Task item:
The range runs from the line containing "yoshiさん（メンズ・160cm）の夏コーディネート" to the last line of the entries. Copy that range exactly, omitting pictures.

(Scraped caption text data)
+++++

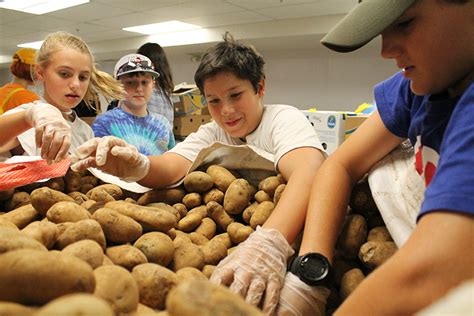 Lend a hand around worcester county food bank or another local food program. MANNA FoodBank Volunteer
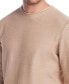 Men's Regular-Fit Textured Stonewashed Sweater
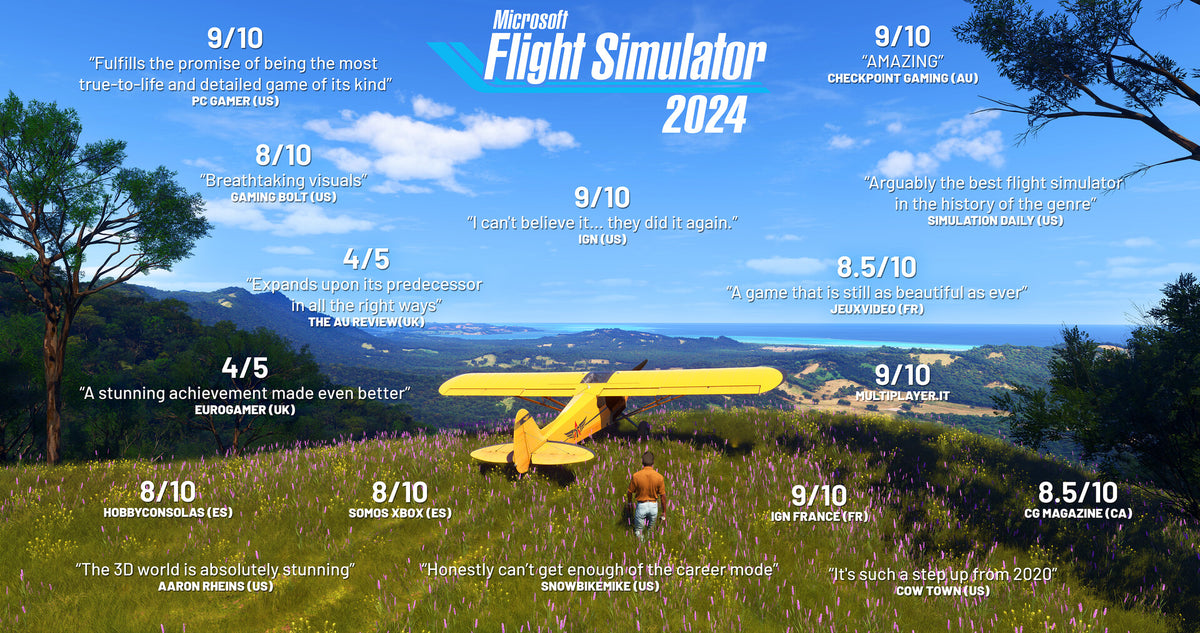 Microsoft Flight Simulator 2024 PS5 gameplay screenshot 1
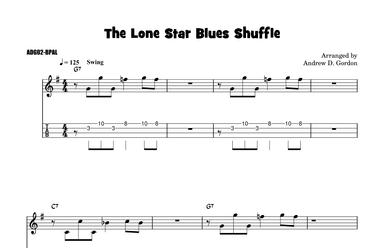 The Lone Star Blues Shuffle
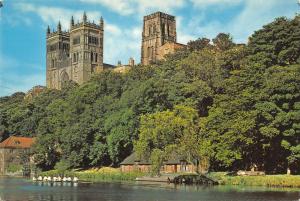 uk5841 cathedral and river wear durham uk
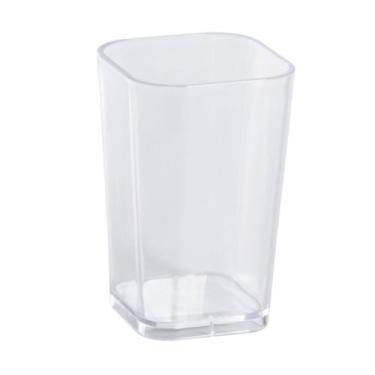 Imagem de Copo Porta Objetos E Escova De Dentes Multiuso Organizador De Mesa Ban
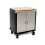 Seville 4 Piece Garage Storage System Wood 4
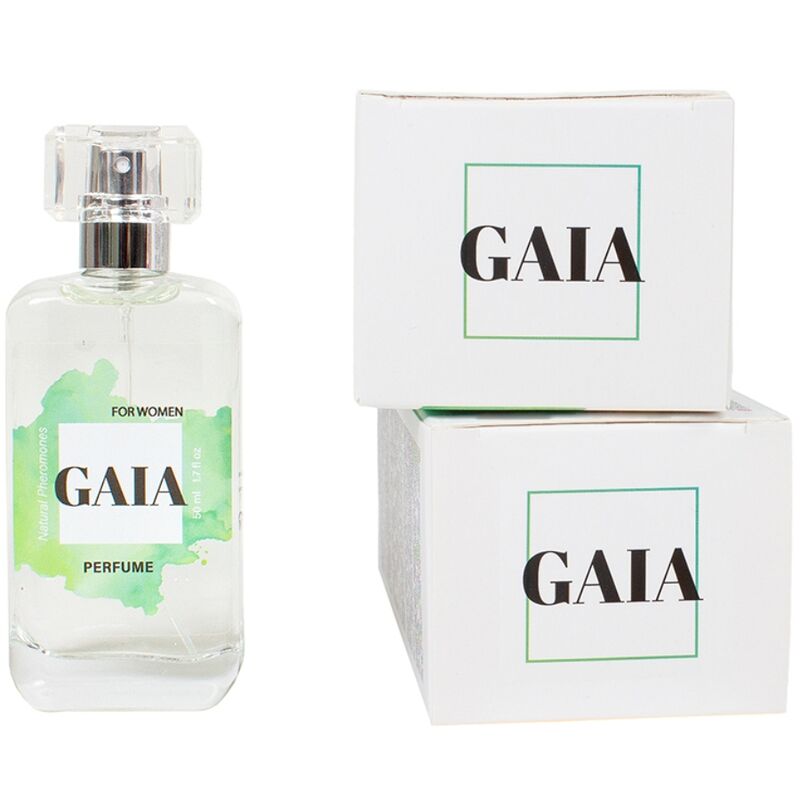 SECRETPLAY - GAIA PERFUME NATURAL COM FEROMONAS SPRAY PARA MULHER 50 ML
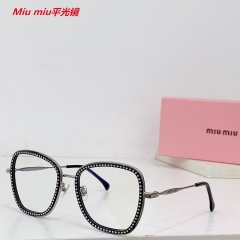 M.i.u. m.i.u. Plain Glasses AAAA 4154
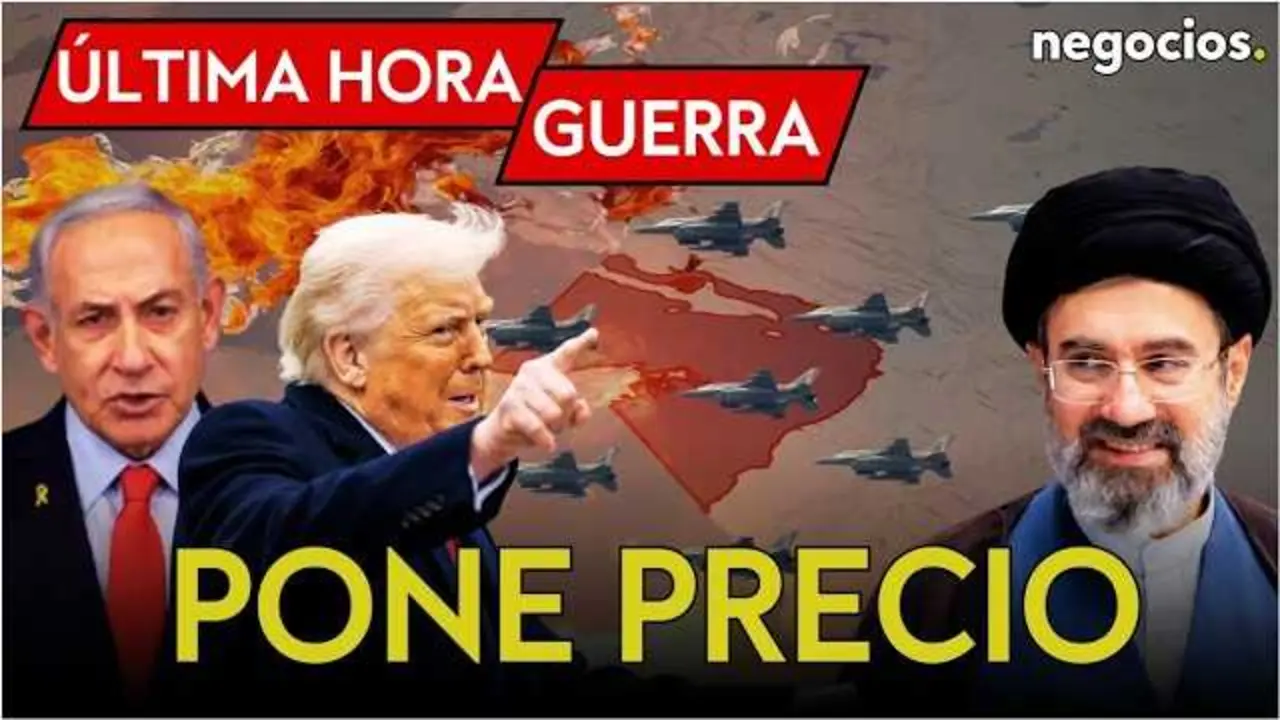 Fotograf&iacute;a a&eacute;rea del Estrecho de Ormuz, punto clave en el bloqueo naval impulsado por Estados Unidos en medio de la crisis con Ir&aacute;n.<br>                        <br>                        <br>                        <br>                      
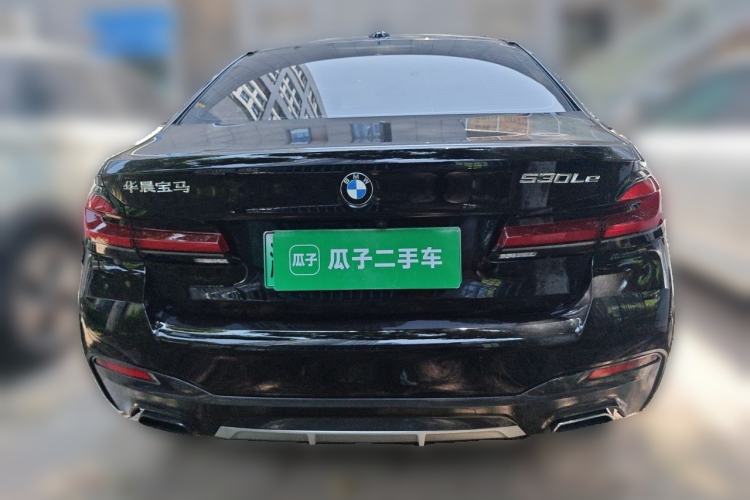 Used BMW 5 Series New Energy 2019 530Le Luxury Package Rear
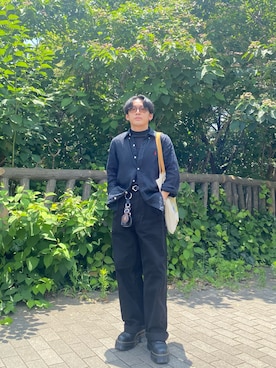 yoshiさん（メンズ・160cm）の夏コーディネート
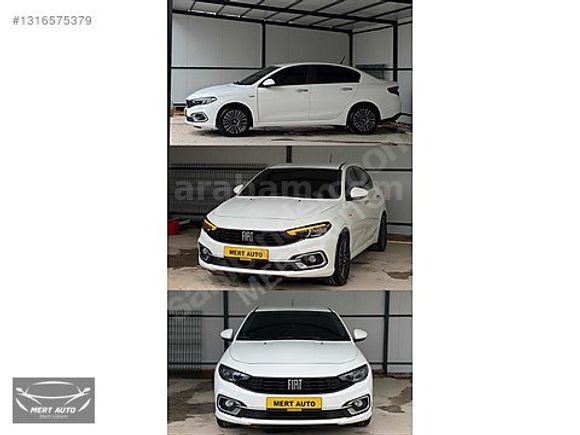 MERT AUTO'DAN/2021 MODEL/EGEA 1.4URBAN/LED FAR/CAR PLAY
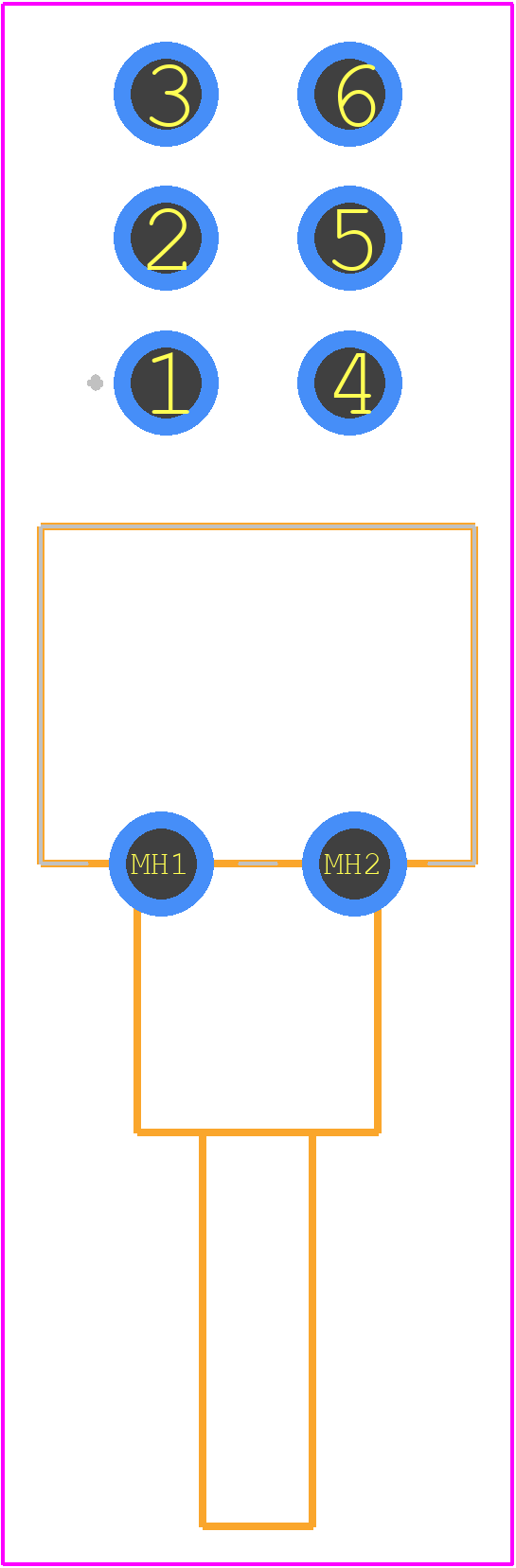 1MD1T1B4M7CES - Dailywell PCB footprint - Other - Other - 1MD1T1B4M7CES-1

+++++

Exercise solution:
 yoshiさん（メンズ・160cm）の夏コーディネート
 MERT AUTO'DAN/2021 MODEL/EGEA 1.4URBAN/LED FAR/CAR PLAY
 1MD1T1B4M7CES - Dailywell PCB footprint - Other - Other - 1MD1T1B4M7CES-1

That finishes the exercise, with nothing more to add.